Make More Time for Yourself: Part 2



Step 1: See What You Can Give Up


What distractions can I limit, if not eliminate?


Shut the door. Seriously. If you have work to do, make it clear to your assistant/colleagues/kids/spouse that you need to be left alone.

 A 2004 study found that office workers are interrupted, on average, every three minutes. The study’s researchers also found that it takes about 23 minutes for people to get back to the task they were taken away from. If you don’t have a door to close, put a sign on the back of your chair that says, please do not disturb. (Dorky? Sure. But it works — we’ve tried it.)

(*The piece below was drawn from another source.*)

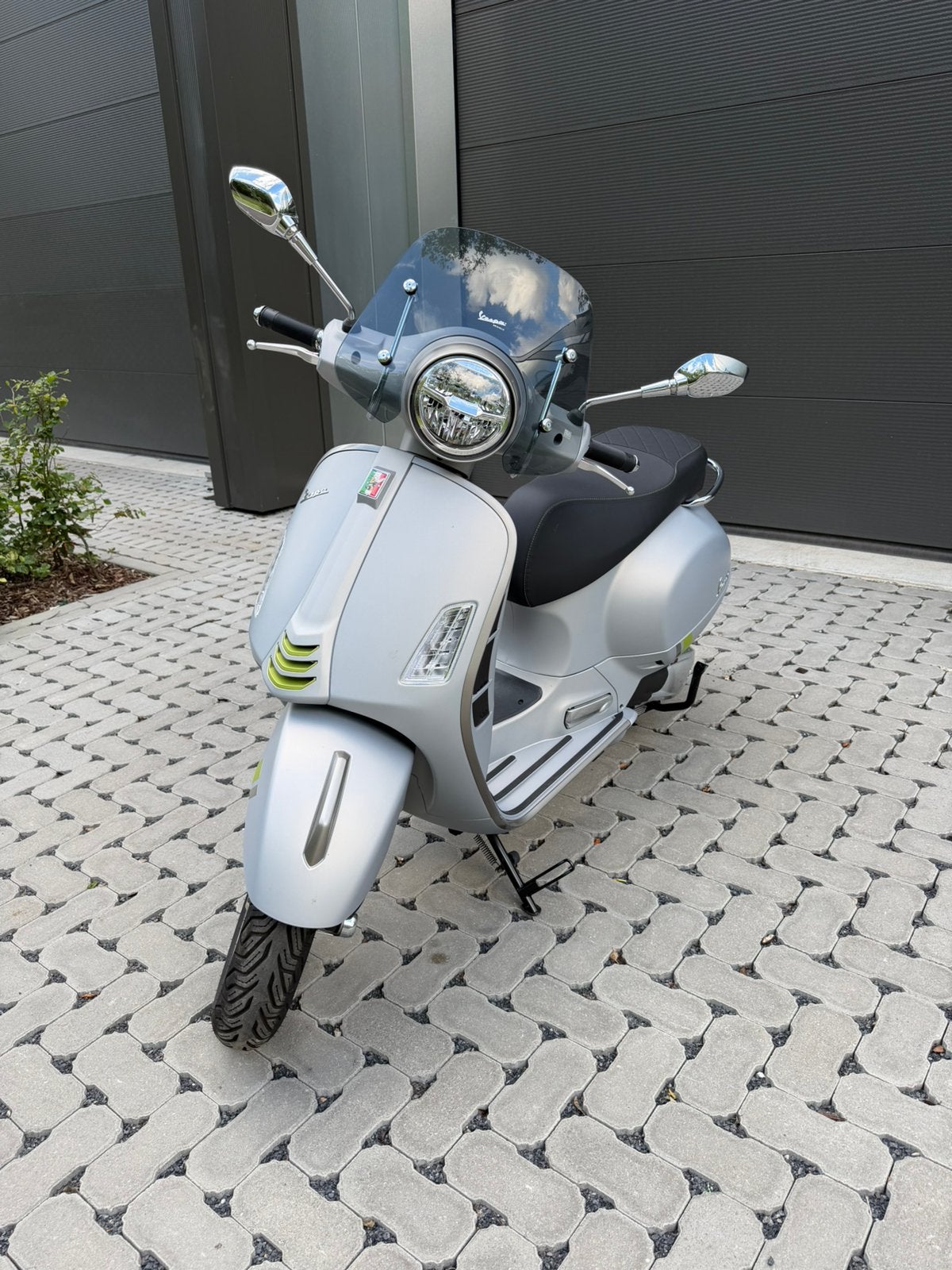 Vespa GTS 300 SuperTech HPE Grigio Entusiasta (Nieuwstaat), Vélos & Vélomoteurs, Vélomoteurs & Scooters bridés, Comme neuf, Vespa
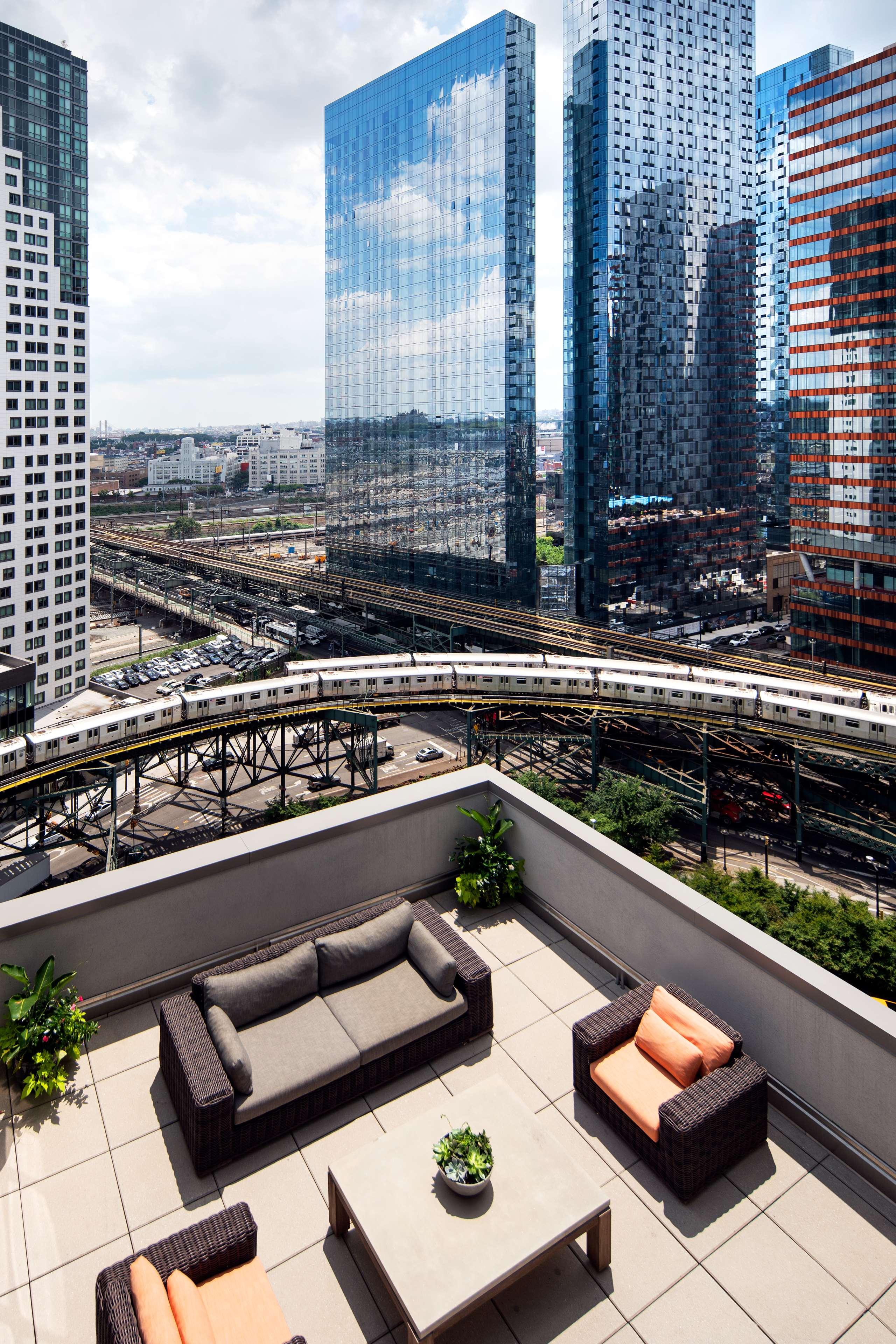 Suite King Bed One Bedroom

•  At work, resist the urge to check your e-mail 500 times a day (or however often you usually do). For a truly rewarding challenge, time-management expert Timothy Ferriss recommends checking only twice a day — at noon and at 4 p.m. “I’ve found those are the times when you’re most likely to have responses to your previously sent e-mails,” he says. And make liberal use of the auto-respond feature: When you’re swamped, direct e-mailers to an assistant or, with his or her permission, a colleague.


•  As for TV, watch a show you love, then turn off the set. The average American spends 2.4 hours a day in front of the tube, but that investment yields sparse rewards. “

We found that watching TV doesn’t make people nearly as happy as activities that really engage them, like playing tennis, taking a walk, and sharing a meal with their family,” says David Schkade, a psychologist and a professor of management at the University of California, San Diego

Step 3: Reschedule Your Schedule

Now that you’ve freed up precious minutes (hopefully lots of them!), it’s time to reshape your days. “Overwhelmed? Take the helm,” says productivity expert David Allen. In other words, decide how you want to spend your energy.


Establish one or two “nonnegotiables” and work your schedule around them:

 For example, eight hours of sleep a night, two hours of exercise a week, or one night out a week for fun, suggests Valorie Burton, a life coach in Annapolis, Maryland, and the author of How Did I Get So Busy?. “You have control here,” she says. “You just have to take it.”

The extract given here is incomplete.